Dynamic pricing is a good start. It’s not the finish line.
Dynamic pricing has become standard in the entertainment and hospitality space. Most booking platforms offer it, and most venues have it switched on in some form. Prices flex based on demand: busier slots cost more, quieter ones cost less. It’s logical, it’s proven, and it works.
So what’s the problem?
The problem isn’t that dynamic pricing is wrong. It’s that it’s measuring demand too narrowly.
What traditional dynamic pricing measures
In most booking platforms, dynamic pricing is driven by capacity. When a slot reaches a certain fill threshold, the price adjusts. Some systems add booking velocity: if bookings are coming in faster than usual, prices move sooner. This is the same model airlines and theatres have refined over decades, and it’s genuinely effective.
But for experience-based venues, capacity and velocity only tell part of the story. A Saturday 3pm slot might be 60% full, which looks healthy. But if it’s half term, the weather is forecast to be terrible, and the same slot was 95% full on comparable days last year, that 60% represents a significant shortfall. The pricing should reflect that context, not just the current fill rate.
The signals that get missed
Experience venues are affected by factors that don’t show up in a simple capacity check. Weather changes shift indoor demand within hours. School holidays create predictable surges that should inform pricing days or weeks in advance. Local events, public transport disruptions, and seasonal patterns all influence how a slot will perform.
Then there are the internal signals. How is booking momentum trending compared to the same day last month? Are cancellations spiking for a particular time window? Is group size composition shifting in a way that affects per-head revenue?

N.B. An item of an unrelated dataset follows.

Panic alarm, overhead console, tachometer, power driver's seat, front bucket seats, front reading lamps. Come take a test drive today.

None of these signals are exotic. They’re all available in the data. Most dynamic pricing systems just aren’t looking at them.

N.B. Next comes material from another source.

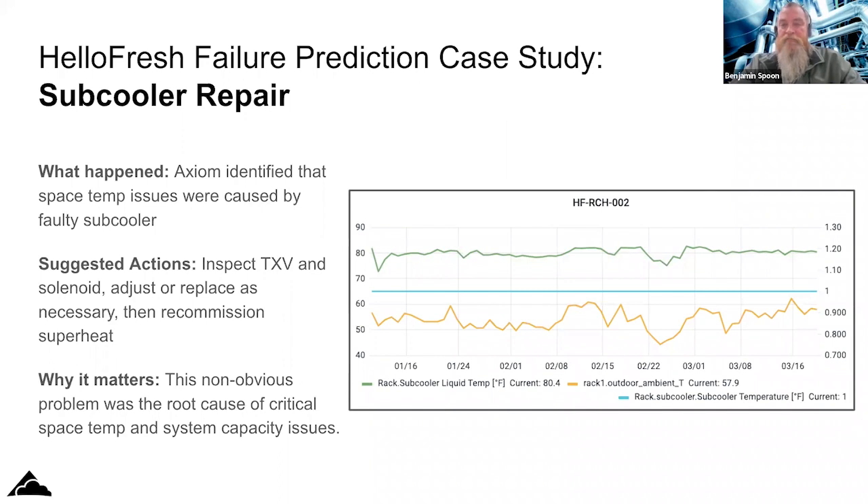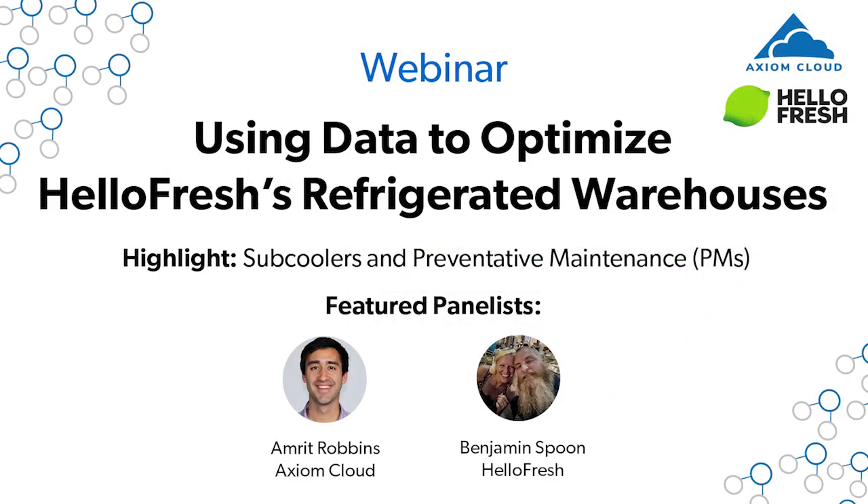To have it graphed out like this really helps you understand wholly what that sub cooler was doing over a couple of months. You wouldn't be able to capture that by doing a PM — less digging in and comparing this month's maintenance data to last month's.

From capacity thresholds to revenue health
The shift is from asking “how full is this slot?” to asking “how healthy is this slot’s revenue potential?
A slot can be well-booked but underperforming on revenue because the wrong customer segment filled it at the wrong price point. Conversely, a slot might look quiet but be perfectly on track for a midweek afternoon based on historical patterns.
When you combine utilisation, booking velocity, weather data, seasonal trends, time-to-slot, and historical comparisons into a single demand score, you get a much more accurate picture of where each slot sits relative to its revenue potential. That score drives smarter pricing decisions than capacity alone ever could.
Building on what already work
This isn’t about replacing dynamic pricing. It’s about enriching it. The core principle is sound: price should reflect demand. The question is how completely you’re measuring demand.
If your pricing adjusts based on how many bookings you’ve taken, that’s a solid foundation. But if it can’t account for the weather turning, half term starting, or a slot that’s historically undervalued, you’re leaving decisions to chance that could be informed by data.
Dynamic pricing got you this far. Demand intelligence takes you further.